_EXERCISE DESCRIPTION_
Give the lines again exactly as they appear below, from the line with "Valles & Mars * Como" to the line with "Camping 5 étoiles", both included, and only those lines. Leave every picture out.

DATA FOR ANALYSIS Block Start

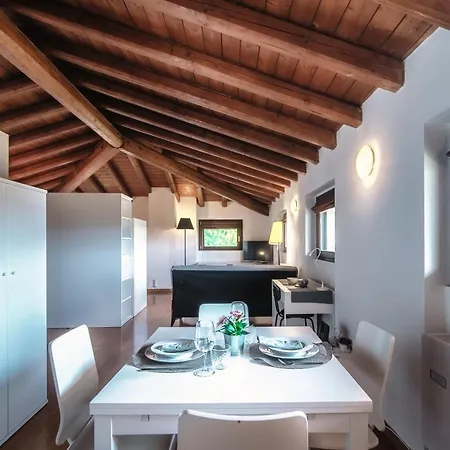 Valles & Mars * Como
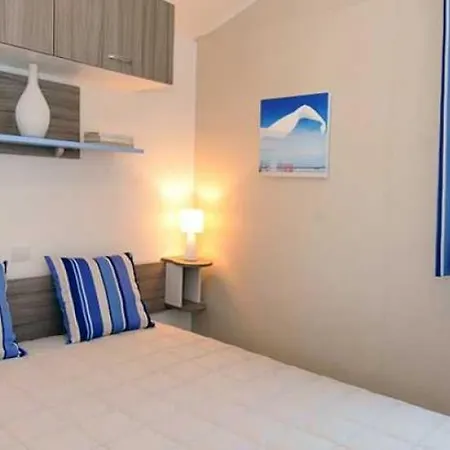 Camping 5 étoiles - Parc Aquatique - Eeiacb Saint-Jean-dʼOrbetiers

DATA FOR ANALYSIS Block End
DATA FOR ANALYSIS Block Start

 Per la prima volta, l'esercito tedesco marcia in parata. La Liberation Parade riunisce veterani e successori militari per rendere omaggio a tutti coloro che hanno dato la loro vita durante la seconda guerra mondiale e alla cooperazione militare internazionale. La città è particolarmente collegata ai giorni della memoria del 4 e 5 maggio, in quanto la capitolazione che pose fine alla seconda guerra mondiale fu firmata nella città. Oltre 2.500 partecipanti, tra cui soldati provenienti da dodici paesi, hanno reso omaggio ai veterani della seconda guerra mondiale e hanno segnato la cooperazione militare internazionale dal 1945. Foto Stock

DATA FOR ANALYSIS Block End
DATA FOR ANALYSIS Block Start

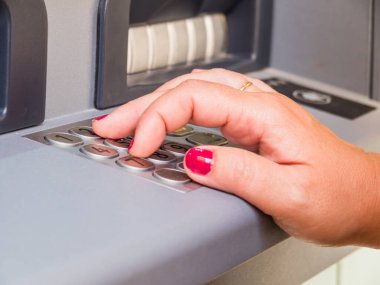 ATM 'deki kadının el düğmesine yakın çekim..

DATA FOR ANALYSIS Block End

_SOLUTION TO THIS PROBLEM_
 Valles & Mars * Como
 Camping 5 étoiles - Parc Aquatique - Eeiacb Saint-Jean-dʼOrbetiers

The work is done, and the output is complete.